Iron is much used in transformers and electrical machines to extend and direct magnetic energy paths. Iron has no difficulty repetitively changing its structure when subjected to alternating magnetic fields. You might wonder at why iron is a good magnetic material whilst copper and aluminium are poor magnetic materials. The reason is that iron atoms holds onto their outer electrons about 6 times more strongly than copper atoms do. Whilst copper and aluminium electrons subjected to photon pressures move from atom to atom, iron electrons remain with their parent atoms but relocate and align to suit the external photon pressures.
Permanent magnets are not like magnetic materials. They have hard inflexible structures. Their electron structures have been pre-aligned by high magnetic fields in their manufacturing process. They consequently exchange linear photons that have a permanent directional flow. Only softening by heat is likely to destroy their magnetism.
We describe permanent magnets as having a north and a south pole but in reality there are north and south poles throughout the magnet because they are particle related. We can cut a magnet many times across its length to make many magnets.
The unlike poles of magnets attract because south poles desire the energies north poles have. When two north energy emitting poles come together their photons conflict and they veer apart. When two energy desiring south poles come close together they veer apart because they each seek photons and there are few photon energies between them.
We will all have seen how substantial the forces of attraction and repulsion are. They are the the result of their particle desires for photon energies and such desires can be extremely strong. High forces do not mean high energy.
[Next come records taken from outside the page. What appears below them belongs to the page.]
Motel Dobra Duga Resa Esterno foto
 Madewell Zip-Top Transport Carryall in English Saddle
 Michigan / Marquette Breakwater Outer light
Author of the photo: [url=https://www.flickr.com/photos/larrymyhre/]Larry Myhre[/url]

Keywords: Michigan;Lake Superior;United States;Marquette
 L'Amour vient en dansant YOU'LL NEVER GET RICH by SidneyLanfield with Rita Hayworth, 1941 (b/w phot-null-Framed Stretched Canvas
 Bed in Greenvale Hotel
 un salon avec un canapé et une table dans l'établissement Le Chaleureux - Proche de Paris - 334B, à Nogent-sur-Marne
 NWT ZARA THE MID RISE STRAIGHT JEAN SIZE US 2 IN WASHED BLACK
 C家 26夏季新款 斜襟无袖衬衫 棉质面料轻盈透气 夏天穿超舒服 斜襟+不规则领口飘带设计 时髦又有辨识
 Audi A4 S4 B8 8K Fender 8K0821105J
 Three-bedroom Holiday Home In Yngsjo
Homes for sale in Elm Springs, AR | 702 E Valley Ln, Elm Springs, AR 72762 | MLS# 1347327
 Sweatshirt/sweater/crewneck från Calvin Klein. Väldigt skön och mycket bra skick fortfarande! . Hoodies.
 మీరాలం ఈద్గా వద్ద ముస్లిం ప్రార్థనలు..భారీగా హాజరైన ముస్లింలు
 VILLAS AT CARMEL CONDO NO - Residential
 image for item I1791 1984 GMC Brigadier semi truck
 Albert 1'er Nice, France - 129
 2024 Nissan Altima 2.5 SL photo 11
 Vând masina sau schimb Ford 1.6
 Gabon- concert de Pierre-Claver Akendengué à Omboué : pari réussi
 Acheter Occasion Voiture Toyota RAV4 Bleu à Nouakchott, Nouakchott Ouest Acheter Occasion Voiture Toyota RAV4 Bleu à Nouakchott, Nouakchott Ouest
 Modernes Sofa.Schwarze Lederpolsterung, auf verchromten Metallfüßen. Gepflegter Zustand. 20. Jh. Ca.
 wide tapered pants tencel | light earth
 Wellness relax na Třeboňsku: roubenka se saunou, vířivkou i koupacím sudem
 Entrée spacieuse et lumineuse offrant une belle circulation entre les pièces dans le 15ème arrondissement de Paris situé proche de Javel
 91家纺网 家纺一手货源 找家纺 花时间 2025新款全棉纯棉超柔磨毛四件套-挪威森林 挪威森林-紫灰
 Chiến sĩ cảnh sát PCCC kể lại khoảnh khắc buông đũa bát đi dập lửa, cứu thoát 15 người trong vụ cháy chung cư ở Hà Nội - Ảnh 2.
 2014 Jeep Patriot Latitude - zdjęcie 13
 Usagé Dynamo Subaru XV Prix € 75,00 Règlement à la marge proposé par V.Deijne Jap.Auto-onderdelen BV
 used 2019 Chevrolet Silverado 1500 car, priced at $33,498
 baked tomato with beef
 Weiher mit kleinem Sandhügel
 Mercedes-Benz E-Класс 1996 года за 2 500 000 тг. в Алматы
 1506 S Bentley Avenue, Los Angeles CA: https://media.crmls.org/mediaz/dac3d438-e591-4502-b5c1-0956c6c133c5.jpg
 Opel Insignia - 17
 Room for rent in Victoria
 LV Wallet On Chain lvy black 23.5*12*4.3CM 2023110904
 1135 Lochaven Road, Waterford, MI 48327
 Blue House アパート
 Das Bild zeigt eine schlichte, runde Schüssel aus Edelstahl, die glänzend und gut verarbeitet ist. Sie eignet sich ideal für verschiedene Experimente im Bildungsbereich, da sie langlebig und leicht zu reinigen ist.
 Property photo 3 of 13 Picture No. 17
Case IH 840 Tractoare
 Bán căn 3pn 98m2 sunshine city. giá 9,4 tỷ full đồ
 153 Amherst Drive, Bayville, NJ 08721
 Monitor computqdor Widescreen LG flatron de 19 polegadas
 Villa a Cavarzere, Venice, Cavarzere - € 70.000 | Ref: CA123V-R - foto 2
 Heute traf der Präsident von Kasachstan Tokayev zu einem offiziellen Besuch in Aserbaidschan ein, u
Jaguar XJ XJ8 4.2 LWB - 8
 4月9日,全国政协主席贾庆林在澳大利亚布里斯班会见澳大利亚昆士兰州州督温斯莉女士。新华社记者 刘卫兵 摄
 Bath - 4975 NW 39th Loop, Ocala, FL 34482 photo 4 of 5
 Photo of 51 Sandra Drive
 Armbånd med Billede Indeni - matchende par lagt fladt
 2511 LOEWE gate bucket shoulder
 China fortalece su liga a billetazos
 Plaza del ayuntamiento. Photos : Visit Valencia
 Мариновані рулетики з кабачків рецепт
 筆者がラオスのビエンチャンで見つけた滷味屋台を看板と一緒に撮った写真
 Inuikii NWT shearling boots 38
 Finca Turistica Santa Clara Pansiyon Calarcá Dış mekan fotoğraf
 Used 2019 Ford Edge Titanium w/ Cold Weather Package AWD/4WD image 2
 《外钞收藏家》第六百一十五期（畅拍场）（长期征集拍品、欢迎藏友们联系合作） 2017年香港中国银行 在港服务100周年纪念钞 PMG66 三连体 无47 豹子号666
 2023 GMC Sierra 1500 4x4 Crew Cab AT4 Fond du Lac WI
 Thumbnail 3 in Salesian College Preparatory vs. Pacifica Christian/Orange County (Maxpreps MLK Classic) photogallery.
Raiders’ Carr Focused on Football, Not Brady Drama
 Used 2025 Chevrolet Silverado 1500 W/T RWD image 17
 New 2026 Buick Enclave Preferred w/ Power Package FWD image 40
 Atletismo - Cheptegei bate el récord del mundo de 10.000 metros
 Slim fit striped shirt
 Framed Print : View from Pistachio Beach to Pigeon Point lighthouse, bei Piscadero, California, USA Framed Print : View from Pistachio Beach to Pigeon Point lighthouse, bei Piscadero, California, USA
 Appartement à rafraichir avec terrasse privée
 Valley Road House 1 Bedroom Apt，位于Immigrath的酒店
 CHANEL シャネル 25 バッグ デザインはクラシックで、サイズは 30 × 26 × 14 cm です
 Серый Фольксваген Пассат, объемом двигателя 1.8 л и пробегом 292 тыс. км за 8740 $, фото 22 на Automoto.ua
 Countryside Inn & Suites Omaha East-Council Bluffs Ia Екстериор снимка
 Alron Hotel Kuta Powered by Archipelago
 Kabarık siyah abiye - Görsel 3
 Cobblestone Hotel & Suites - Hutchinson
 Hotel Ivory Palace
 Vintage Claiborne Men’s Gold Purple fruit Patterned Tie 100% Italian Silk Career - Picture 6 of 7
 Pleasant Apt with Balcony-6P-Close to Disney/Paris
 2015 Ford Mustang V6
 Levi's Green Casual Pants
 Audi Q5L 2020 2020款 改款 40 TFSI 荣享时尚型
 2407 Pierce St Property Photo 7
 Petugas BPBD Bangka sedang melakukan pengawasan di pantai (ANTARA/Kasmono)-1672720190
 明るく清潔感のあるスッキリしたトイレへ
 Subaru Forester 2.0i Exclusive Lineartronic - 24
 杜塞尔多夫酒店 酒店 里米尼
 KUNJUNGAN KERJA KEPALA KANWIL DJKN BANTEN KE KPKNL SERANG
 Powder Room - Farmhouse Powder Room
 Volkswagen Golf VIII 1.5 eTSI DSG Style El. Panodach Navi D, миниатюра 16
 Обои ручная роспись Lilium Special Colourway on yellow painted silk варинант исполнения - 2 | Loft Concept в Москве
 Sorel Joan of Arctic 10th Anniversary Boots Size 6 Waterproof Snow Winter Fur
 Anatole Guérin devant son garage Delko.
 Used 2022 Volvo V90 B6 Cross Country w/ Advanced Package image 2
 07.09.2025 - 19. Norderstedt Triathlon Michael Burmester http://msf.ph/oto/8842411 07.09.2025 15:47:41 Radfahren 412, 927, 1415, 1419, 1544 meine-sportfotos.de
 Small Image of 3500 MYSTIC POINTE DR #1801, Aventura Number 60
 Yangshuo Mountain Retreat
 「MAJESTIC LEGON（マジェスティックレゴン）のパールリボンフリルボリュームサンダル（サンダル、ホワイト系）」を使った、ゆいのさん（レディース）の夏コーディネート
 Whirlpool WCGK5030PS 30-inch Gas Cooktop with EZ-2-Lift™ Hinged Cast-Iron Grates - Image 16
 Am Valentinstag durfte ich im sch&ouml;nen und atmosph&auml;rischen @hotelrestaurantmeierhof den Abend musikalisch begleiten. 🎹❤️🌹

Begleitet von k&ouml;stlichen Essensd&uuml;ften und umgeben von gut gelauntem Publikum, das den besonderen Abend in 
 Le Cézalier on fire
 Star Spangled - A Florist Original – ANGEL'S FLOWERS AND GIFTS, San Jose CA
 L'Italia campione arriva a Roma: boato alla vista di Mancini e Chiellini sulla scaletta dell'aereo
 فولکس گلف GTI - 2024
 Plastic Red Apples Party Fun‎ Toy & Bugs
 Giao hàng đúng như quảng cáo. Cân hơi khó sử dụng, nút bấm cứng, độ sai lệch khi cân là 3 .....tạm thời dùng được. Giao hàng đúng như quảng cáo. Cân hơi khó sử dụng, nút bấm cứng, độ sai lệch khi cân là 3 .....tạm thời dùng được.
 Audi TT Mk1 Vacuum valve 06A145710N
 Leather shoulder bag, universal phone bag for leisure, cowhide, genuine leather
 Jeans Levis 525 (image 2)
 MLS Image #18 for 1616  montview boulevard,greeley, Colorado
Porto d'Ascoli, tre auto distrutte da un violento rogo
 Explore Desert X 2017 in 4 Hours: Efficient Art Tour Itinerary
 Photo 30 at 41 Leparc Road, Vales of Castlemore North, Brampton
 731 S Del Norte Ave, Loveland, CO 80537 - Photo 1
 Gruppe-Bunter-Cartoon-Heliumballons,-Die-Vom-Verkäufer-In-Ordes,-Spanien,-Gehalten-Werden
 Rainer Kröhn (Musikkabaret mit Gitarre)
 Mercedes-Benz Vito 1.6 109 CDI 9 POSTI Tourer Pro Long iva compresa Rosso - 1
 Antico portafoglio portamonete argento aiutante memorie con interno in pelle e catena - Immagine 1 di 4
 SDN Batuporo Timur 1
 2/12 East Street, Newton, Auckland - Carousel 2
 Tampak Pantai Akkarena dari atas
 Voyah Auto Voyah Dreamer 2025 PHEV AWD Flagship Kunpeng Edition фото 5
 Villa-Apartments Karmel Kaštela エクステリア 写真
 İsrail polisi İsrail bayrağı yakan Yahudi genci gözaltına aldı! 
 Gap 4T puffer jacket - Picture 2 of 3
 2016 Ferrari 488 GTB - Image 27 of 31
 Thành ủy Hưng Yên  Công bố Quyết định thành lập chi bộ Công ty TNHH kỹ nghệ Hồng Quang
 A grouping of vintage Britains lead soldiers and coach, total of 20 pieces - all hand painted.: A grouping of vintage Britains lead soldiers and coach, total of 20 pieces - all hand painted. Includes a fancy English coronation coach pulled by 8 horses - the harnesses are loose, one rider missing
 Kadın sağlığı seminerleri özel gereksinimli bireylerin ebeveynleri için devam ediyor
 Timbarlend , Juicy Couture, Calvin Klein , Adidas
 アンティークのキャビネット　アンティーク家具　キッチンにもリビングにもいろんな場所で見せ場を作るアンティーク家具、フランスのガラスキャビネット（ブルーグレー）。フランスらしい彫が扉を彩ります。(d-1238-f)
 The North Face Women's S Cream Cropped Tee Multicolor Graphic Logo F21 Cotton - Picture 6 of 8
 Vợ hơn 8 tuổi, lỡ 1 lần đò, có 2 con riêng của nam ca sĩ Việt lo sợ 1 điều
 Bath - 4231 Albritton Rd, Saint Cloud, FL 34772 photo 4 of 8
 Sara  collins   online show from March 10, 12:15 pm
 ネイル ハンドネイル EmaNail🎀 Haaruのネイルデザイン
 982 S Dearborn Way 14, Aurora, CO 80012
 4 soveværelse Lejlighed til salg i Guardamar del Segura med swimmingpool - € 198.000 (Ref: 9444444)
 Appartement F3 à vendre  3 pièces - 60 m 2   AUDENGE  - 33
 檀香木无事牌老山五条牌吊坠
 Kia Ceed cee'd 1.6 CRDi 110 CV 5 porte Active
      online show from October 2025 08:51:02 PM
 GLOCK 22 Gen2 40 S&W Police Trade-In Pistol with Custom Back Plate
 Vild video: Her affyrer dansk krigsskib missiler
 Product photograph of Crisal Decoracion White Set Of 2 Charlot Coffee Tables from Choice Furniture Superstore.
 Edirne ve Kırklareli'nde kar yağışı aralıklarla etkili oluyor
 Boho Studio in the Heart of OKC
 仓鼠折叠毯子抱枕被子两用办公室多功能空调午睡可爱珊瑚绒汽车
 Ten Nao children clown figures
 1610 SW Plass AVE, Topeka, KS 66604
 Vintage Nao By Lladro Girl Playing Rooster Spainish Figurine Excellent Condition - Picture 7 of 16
As with the coil above a permanent magnet’s surround photon energies are not all circulating. Like any structure a magnet is absorbing energies from other sources and releasing energies to other sources. A magnet is not a mass energy store like a battery or a spring.
If you still need convincing that photon energies interact like particle energies do let us look at what happens when we have an electrical flow in a magnetic field as happens with electrical machines.
In the diagram the electrical wire flow into the page is producing a circulating photon magnetic field and the permanent magnets are producing linear photon flows. The photon conflicts on the left of the wire encourage the magnetic field photons to flow on the right of the wire.
The photons on the right of the wire are now compressed and want more space so they energy interact with other photons to get that space and that is what causes the force on the wire and its motion.
Next time you have a magnet to play with try the following. Suspend the magnet on a piece of card between say two beakers. Invert say a cup,egg cup or plastic container and position it beneath the magnet and try balancing two 5p coins on top of one another. You may have to put packing under the beakers or cup to get it right but you will succeed and if you now blow at the coins through a straw they will spin one on top of the other.
Another bit of fun you can have is because the royal mint started making copper coated steel pennies in 1992. Unlike earlier pennies they respond to magnets. Give your friend a non magnetic penny and invite him/her to move it using a magnet under a table like you have done with a magnetic penny. Tell them they can’t be holding the magnet right.